Several notes push back on the assumption that scale is what generates capability at all. A 7M-parameter recursive network out-generalizes billion-parameter models on hard puzzles (Can tiny recursive networks outperform massive language models?), and a 27M-parameter hierarchical model clears reasoning ceilings that fixed-depth transformers can't (Can recurrent hierarchies achieve reasoning that transformers cannot?). Both make the same point an alternative architecture like KAN implicitly bets on: the *right structure* can beat brute parameter count. The catch is that these wins came from recursion and effective depth — structural mechanisms — not from a novel unit being intrinsically better. An architecture has to earn its scaling story mechanistically.
There's also encouraging evidence that good structure becomes *more* reliable with scale, not less. Do neural networks naturally learn modular compositional structure? shows that pretraining sharpens modular structure rather than dissolving it — the bigger and more trained the model, the more consistent its decomposition into clean subnetworks. If a KAN's edge is genuinely about cleaner functional decomposition, this is the pattern you'd hope to see it follow. And Can neural memory modules scale language models beyond attention limits? is a case study in an alternative-architecture advantage that *does* survive scale-up — neural memory that holds its benefit out to 2M-token contexts where the standard mechanism's costs explode.

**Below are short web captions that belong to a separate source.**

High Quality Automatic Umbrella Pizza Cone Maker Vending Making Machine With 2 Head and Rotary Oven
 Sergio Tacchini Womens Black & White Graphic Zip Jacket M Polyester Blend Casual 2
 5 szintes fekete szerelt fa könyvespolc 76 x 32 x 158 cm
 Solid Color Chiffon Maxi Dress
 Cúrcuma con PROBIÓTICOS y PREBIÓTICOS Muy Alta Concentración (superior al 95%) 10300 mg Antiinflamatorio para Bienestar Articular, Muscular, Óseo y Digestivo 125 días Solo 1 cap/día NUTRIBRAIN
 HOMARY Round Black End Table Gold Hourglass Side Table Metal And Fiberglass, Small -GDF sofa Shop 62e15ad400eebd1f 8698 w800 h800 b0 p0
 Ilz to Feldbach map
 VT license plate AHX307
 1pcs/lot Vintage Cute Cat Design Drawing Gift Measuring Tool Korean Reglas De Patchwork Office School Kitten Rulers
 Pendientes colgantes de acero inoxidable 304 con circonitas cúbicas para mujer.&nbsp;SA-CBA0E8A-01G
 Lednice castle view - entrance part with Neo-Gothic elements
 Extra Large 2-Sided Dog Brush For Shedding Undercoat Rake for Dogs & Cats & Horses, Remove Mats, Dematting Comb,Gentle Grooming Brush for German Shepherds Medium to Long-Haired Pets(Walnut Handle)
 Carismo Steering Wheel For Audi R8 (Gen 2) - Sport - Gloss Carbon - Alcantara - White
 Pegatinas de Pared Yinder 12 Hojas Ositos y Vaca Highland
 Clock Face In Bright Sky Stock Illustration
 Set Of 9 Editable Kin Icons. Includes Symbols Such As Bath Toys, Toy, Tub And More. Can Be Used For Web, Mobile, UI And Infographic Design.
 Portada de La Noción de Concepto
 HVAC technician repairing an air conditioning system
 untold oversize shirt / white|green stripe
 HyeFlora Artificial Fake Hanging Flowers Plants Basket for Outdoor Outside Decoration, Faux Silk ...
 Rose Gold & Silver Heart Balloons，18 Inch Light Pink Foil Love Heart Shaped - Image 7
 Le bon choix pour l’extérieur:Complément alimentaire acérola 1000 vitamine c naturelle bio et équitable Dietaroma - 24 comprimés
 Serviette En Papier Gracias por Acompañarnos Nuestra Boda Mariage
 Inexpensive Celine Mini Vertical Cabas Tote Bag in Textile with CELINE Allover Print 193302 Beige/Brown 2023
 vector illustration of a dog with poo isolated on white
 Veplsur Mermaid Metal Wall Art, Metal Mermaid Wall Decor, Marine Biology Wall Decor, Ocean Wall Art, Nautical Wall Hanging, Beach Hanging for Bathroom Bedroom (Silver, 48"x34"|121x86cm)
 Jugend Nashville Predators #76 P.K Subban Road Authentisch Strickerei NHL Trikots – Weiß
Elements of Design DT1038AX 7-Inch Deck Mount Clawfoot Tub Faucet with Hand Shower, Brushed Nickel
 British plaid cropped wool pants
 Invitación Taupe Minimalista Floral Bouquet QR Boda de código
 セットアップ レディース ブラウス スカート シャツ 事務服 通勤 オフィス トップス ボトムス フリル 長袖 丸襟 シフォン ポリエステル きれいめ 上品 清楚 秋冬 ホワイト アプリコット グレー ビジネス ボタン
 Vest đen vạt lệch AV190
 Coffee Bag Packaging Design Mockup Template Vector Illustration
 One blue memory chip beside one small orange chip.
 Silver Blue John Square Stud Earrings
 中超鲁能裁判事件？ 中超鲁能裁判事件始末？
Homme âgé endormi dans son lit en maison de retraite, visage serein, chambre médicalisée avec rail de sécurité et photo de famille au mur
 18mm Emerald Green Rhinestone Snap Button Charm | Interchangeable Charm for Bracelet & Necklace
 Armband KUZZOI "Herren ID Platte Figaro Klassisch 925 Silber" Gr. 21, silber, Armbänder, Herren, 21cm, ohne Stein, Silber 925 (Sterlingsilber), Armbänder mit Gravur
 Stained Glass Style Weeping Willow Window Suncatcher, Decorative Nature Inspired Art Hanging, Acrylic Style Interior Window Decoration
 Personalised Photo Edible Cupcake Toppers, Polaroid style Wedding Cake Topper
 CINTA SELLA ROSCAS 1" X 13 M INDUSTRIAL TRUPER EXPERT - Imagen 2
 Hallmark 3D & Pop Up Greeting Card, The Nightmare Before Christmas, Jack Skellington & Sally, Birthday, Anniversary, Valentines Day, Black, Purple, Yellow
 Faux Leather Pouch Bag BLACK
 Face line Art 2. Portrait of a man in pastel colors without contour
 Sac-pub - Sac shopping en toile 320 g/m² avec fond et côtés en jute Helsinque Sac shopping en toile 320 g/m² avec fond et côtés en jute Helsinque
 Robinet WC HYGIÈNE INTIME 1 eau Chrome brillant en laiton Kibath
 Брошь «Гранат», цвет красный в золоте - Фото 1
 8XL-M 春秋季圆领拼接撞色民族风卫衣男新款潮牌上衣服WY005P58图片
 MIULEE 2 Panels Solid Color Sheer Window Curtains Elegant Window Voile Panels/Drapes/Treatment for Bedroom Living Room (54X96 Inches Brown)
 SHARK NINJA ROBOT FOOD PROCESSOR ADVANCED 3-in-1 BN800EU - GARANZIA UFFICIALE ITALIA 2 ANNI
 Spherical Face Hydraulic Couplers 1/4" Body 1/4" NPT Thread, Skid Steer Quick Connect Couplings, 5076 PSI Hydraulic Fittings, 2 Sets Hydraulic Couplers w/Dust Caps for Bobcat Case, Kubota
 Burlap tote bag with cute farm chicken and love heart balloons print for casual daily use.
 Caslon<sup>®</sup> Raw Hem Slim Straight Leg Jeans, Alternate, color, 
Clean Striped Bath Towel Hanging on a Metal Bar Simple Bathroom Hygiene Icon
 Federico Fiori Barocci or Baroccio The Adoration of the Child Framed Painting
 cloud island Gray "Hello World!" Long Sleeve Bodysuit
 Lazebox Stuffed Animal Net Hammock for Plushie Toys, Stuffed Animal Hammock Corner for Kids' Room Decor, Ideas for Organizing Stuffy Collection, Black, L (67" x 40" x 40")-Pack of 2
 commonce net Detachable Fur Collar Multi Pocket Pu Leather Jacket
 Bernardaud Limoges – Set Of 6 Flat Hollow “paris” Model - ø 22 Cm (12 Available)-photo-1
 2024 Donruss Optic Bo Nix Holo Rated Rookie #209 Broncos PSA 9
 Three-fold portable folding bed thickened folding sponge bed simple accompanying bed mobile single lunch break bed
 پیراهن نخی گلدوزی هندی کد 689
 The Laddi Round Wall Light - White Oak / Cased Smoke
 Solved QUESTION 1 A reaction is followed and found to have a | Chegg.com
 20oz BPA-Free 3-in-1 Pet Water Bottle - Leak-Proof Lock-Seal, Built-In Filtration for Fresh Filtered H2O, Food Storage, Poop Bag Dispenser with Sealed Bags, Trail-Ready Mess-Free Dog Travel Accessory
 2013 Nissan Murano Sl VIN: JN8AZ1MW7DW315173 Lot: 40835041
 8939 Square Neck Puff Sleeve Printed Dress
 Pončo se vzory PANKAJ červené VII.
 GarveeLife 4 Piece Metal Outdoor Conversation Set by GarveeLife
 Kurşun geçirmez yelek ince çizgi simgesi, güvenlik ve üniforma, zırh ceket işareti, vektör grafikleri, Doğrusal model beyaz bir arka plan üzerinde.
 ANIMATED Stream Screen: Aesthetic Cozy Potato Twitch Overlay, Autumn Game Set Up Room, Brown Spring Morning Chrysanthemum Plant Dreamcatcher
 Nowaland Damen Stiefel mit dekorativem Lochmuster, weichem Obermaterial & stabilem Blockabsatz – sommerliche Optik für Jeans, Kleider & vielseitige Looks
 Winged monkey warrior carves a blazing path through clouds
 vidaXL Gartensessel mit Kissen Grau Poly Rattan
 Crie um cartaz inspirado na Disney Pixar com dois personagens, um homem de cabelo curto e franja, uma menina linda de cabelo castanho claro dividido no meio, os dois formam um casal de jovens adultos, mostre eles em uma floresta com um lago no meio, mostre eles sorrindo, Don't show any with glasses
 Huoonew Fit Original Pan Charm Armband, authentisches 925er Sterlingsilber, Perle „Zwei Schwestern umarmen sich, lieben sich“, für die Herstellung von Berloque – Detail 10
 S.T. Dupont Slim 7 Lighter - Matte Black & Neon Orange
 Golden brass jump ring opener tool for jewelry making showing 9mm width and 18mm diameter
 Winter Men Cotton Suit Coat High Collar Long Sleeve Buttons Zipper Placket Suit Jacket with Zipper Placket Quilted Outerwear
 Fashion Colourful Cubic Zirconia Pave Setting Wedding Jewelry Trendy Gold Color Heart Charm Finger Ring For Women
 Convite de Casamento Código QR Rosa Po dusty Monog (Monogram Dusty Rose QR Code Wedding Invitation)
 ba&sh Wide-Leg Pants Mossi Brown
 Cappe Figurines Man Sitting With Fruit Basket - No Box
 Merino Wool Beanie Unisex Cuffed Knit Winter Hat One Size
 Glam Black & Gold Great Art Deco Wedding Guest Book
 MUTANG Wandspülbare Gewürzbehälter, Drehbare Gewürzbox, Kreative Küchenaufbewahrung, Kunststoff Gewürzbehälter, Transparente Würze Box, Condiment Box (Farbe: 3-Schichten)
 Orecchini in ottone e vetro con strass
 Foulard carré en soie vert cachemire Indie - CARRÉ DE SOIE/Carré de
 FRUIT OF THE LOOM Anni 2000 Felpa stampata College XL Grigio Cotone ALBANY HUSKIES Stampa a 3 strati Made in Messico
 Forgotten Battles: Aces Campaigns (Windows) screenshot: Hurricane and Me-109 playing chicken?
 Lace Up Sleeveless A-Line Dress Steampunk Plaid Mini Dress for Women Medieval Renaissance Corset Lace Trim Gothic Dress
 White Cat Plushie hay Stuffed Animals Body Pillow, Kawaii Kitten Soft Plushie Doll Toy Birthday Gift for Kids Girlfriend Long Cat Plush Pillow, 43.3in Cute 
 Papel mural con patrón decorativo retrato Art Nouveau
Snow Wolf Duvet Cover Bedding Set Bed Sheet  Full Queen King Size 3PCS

The thing you didn't know you wanted to know: the corpus suggests the real test for any alternative architecture isn't "does it work in a small demo" but "is its advantage a *composition* property or a *fitting* property." Composition properties (depth stacking, modular decomposition, recursion, separated memory) tend to strengthen with scale; fitting advantages tend to wash out. To answer the KAN question properly you'd want a note benchmarking learnable-activation networks at depth — and that note isn't here yet.
Sources 5 notes
MobileLLM shows deep-and-thin architectures yield 2.7–4.3% accuracy gains over balanced designs at 125M–350M scale by composing abstract concepts through layers rather than spreading parameters across width.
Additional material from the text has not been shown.